An Introduction to Data Loss Prevention

This paper serves as a primer on preventing “data loss,” an umbrella term that encompasses two distinct phenomena: system failure and network intrusion.

Firms that fail to protect their data – often proprietary customer information – not only suffer from unflattering news coverage but the often crippling expenses related to churn, Service Level Agreements and project redesign.  A good deal of the fallout from data loss can be prevented with a measure of investment that seems minute in comparison to the risks of remaining vulnerable.

The most common reason for data loss is system failure.  System failure due to faulty hardware or data corruption due to faulty or non-compatible software accounts for 53% of recorded data loss events (Cost of Down Time Survey). In most cases, a company’s downtime minutes due to system failure can easily be converted into thousands of dollars worth of business expenses.

Simple precautionary measures to prevent system failure exist.  At a minimum, RAID infrastructure with redundancy capability (for example RAID 1 or 5) provides fail over in the event of one drive. Redundant power sources on separate power infrastructure fed by uninterruptable power supplies mitigate the impact of power fluctuation events.  Keep brown-outs and black-outs the concern of your local utility.

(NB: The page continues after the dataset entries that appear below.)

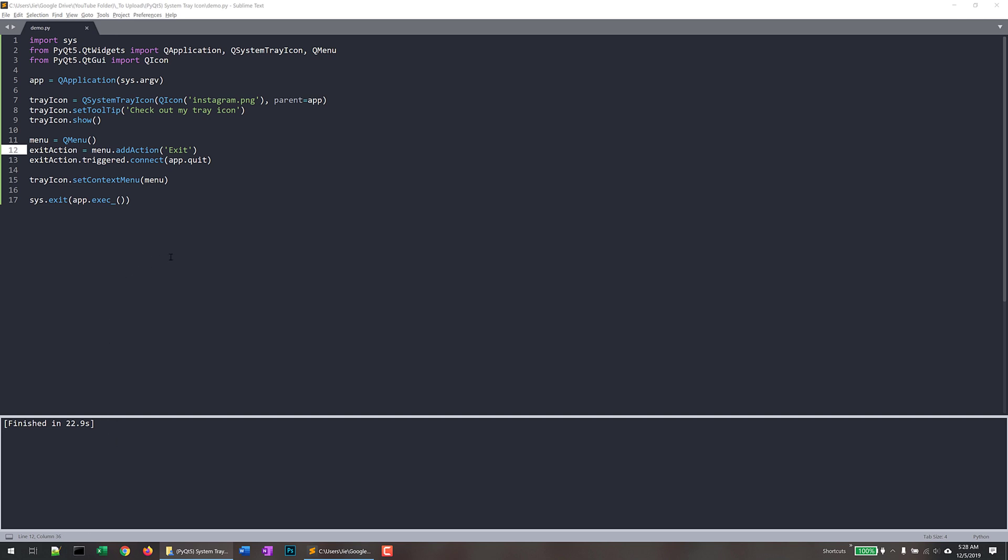So this is it for this video. Just a very simple exercise showing you how to create a tray icon for your PyQt application. And as well as how to add just a couple of very useful functionalities to the PyQt5 tray icon. Hopefully you guys found the video useful. As always, thank you guys for watching. I'll see you guys on the next video.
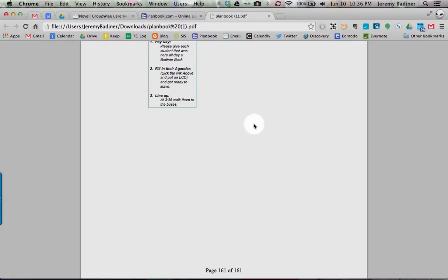So if you want to backup your planbook, there's a simple, easy way. Make this PDF, send it to your principal, and then you've got another hard copy someplace else. Hope that helps.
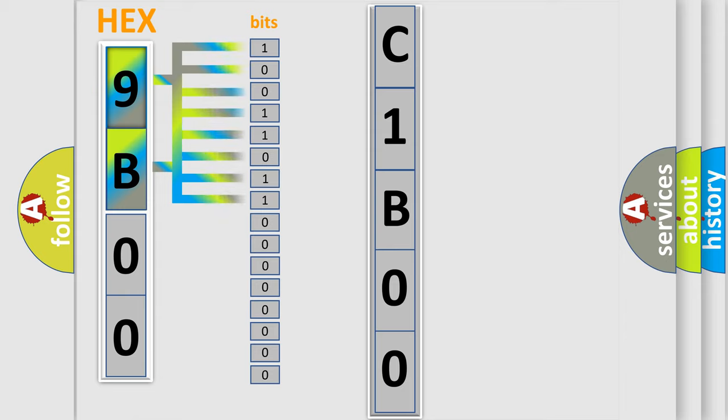The bit has two logical states. Zero, low level. One, high level.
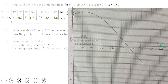Now we are supposed to use the graph to find the value of y when x = 150°. We locate x = 150 on the graph and trace across to the y-axis. Each small box is 0.2 units, and we are three boxes below negative 4, so that gives negative 4.6. When x = 150°, y = −4.6.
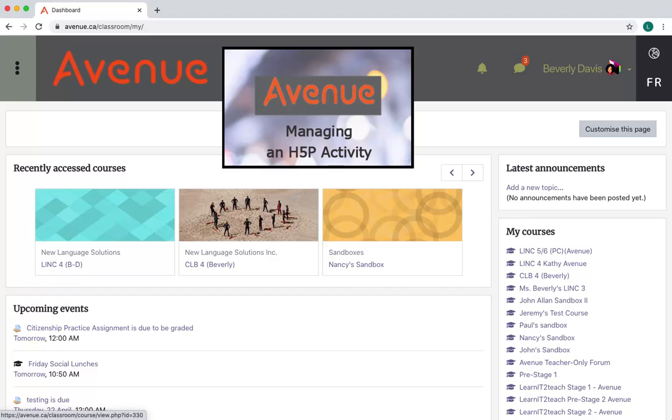If you want to remove the H5P activity from the course main page but still keep it for future purposes, simply remove the H5P link on the course main menu. It will still be retrievable for future use in the content bank.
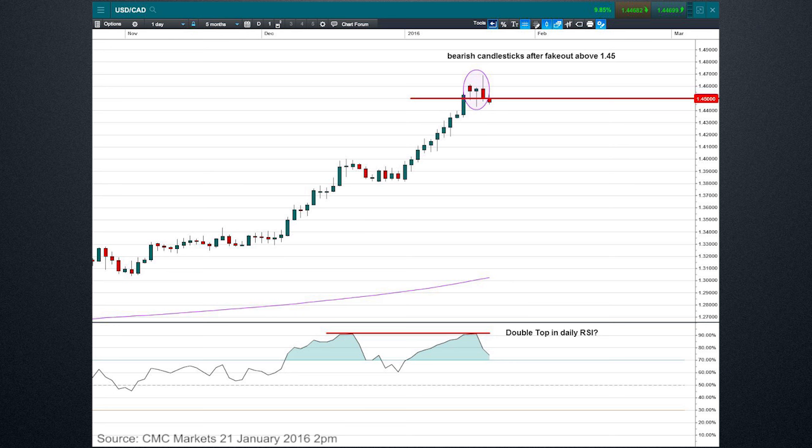And this bearish engulfing candlestick on the daily chart is a little bit of extra evidence to suggest that maybe a correction is in hand or about to begin in this dollar CAD pair.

In addition, Data Centers that provide multi-carrier redundancy protect against the possibility of upstream connectivity failure. Fully redundant servers behind an upstream load balancing appliance with fail over capability ensure that problems will not result in revenue-impacting downtime. Of course, regular and frequent backups of all vital information should be stored on a remote medium via network, tape, or disk to provide a final means of recovery should all other redundancy fail.

The second type of data loss is caused by network intrusion, or the act of an unauthorized third party gaining access to proprietary information either physically or remotely.  Although perhaps less common than hardware or software failure, network intrusion can cause much bigger problems – and exponentially increase the cost to a business — as data is not merely lost or damaged but compromised.

The most carefully-laid plans for a secure network infrastructure fall apart when an intruder is allowed physical access to network resources (e.g., booting Linux in single-user mode or simply stealing a drive for data retrieval using a separate operating system).  Today’s premier data centers require biometric identity verification for access, use remote video surveillance to monitor the activities of individuals granted access and are staffed 24/7 by network experts.  Identities are verified before granting access to network resources such as login information or physical access to servers and routing equipment. Employees handling sensitive information are trained on commonly used “social engineering” techniques.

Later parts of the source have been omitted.